RECORDED DATA ::
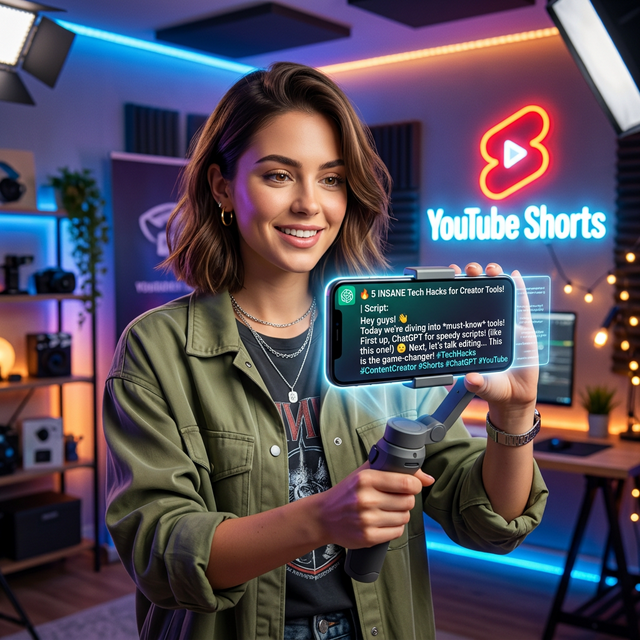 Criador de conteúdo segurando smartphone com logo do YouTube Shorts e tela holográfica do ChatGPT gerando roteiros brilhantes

--

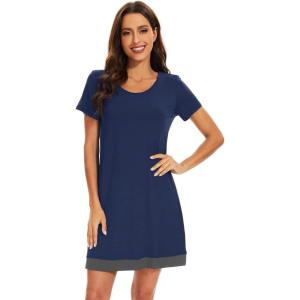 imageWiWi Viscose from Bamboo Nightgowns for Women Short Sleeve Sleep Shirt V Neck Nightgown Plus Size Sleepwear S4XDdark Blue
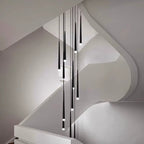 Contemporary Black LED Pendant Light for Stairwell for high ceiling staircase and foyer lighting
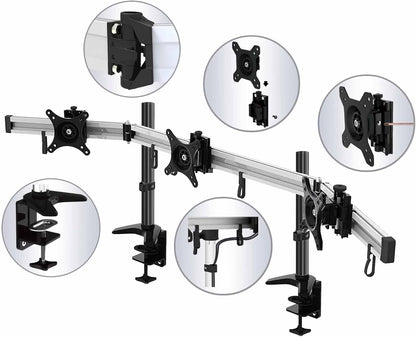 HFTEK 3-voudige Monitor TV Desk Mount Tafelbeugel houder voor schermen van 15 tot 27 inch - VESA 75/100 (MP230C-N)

--

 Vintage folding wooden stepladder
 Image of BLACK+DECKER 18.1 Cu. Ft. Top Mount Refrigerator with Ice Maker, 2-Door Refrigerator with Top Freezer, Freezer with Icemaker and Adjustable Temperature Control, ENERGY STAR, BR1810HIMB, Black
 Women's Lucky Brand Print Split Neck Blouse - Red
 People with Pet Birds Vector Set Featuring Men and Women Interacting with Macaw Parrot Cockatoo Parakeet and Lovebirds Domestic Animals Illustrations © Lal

DESCRIPTION OF THE TASK :: From the entries above, restate word for word the lines from the line containing "Image of BLACK+DECKER" to the line containing "People with Pet", both ends included, and nothing more.

OUTPUT FOR THIS EXERCISE ::
 Image of BLACK+DECKER 18.1 Cu. Ft. Top Mount Refrigerator with Ice Maker, 2-Door Refrigerator with Top Freezer, Freezer with Icemaker and Adjustable Temperature Control, ENERGY STAR, BR1810HIMB, Black
 Women's Lucky Brand Print Split Neck Blouse - Red
 People with Pet Birds Vector Set Featuring Men and Women Interacting with Macaw Parrot Cockatoo Parakeet and Lovebirds Domestic Animals Illustrations © Lal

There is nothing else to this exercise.